I think people don't realize how many hours of practice goes into becoming a musician and getting better.
I don't think there are any songs that I've written in the past that I now disagree. It's kind of like tattoos; I would never regret a tattoo, because it was how I felt at that time in my life. I don't think I've ever said anything that I would take back. So far, so good! I would probably change the music, or change how I sing it, maybe do it a little bit cooler, or a bit more grown-up. But I don't think that there are any lyrics that I regret.
I think on the first album, my aim was to write a good song and have a good melody, and I wanted lyrics that would connect with as many people as possible. On the second album, I took a lot more of a personal approach. I wasn't trying to make conventional, structured songs; I was really trying to get a lot of emotion and my own personal journey throughout it. I just focused more on being honest than getting the normal song structure down.

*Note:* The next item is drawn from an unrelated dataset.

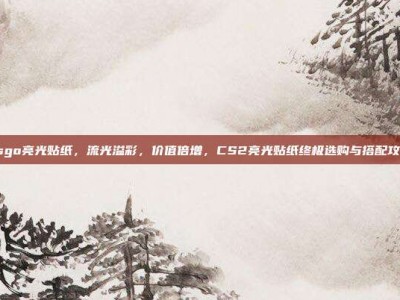 csgo亮光贴纸，流光溢彩，价值倍增，CS2亮光贴纸终极选购与搭配攻略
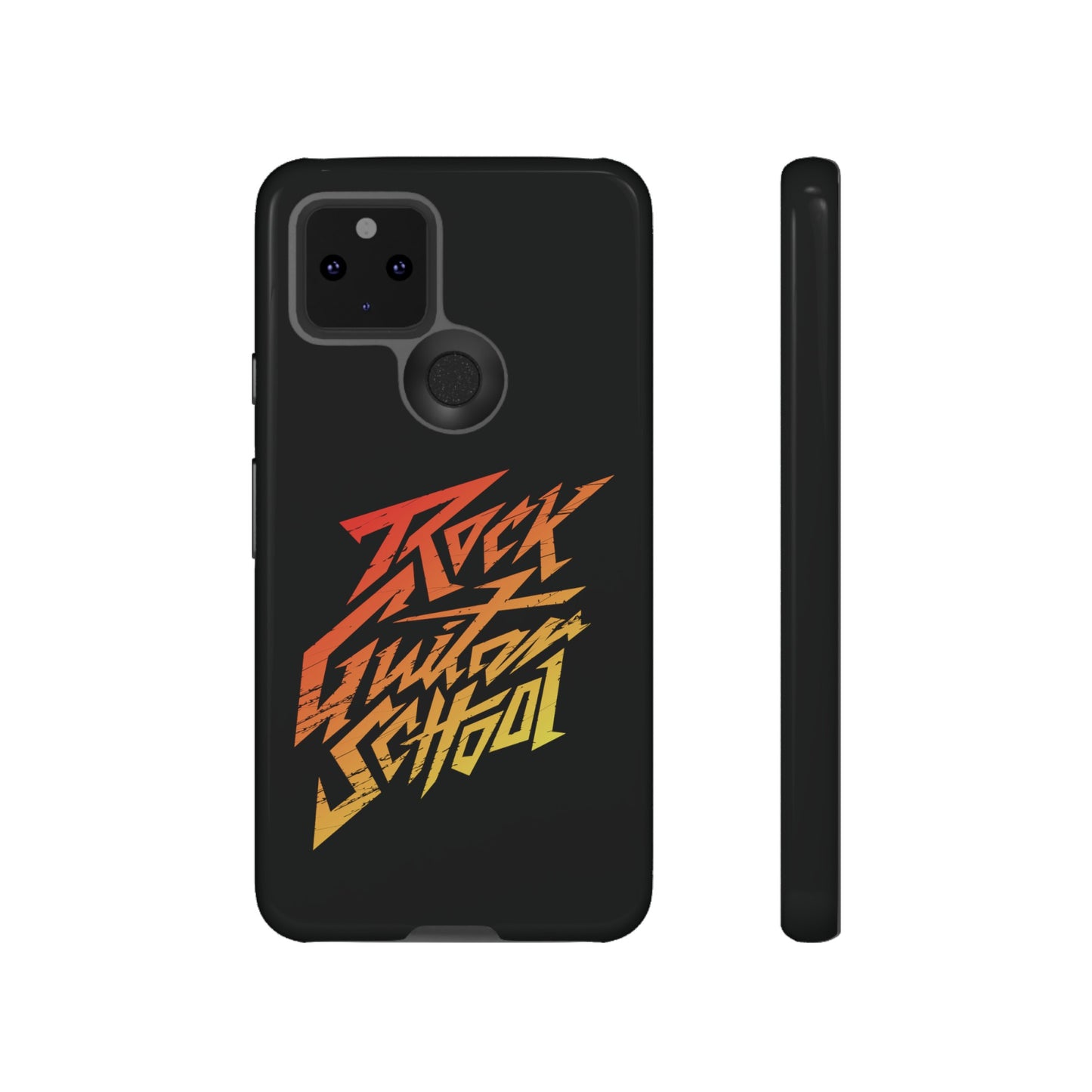 T5 Minimalist ROCK GUITAR SCHOOL Smartphone Case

Melody is the first thing that comes to me when I'm songwriting. I learned piano classically first, and then I went into soul, and so melody has always been the first. It's so important.
People that come to my shows are definitely people that feel outsiders. They feel like I don't feel sexy, I don't feel like - I can't go out every night on Friday and I can't connect to that, and I feel so much pressure to do that.
Sometimes you feel like a very small drop in this huge ocean.
I don't know if I was as ambitious as to change the world, but I do feel like - the reason why I called the album "Our Version of Events" was that I feel a lot of people are not represented in pop music and popular culture.
I wanted to find a way to speak for people. It was important for me, because so many people spoke for me when I was a kid and made me feel less invisible, and I wanted kids or whoever is listening to my music not to feel so voiceless.
I was inspired by people like Joni Mitchell and Carole King and Stevie and "Storytellers." People that could really change the world with their lyric, no matter who sung the song, they had still been the source of that message. So that's what I really aim for.
Songwriting is my main thing. I know that I'll do that for the rest of my life.
I wasn't intentionally trying to create my own path or be original, it was just I needed to say certain things and I needed to express myself, and that's how it came out.
If I was singing like somebody else, then it was almost like I was expressing myself like somebody else. So it was always a very original thing for me. It's my voice, it's my diary, it's the way I connect with people.
I was so shy and so quiet, and the only time I had my own voice and I could really connect with people was when I was singing or on stage.
From when I was a kid I wanted to write. It was so important to me that I was writing my own material.
I was very quiet until I got at the piano, and weekends, lunch breaks, after school, before school, I was just making music.
I couldn't help but feel very different from everybody, so I think that's why I found such a big world in music, and that's why I kind of - I was an introvert as a kid, but I loved the piano, and that's where I felt at home.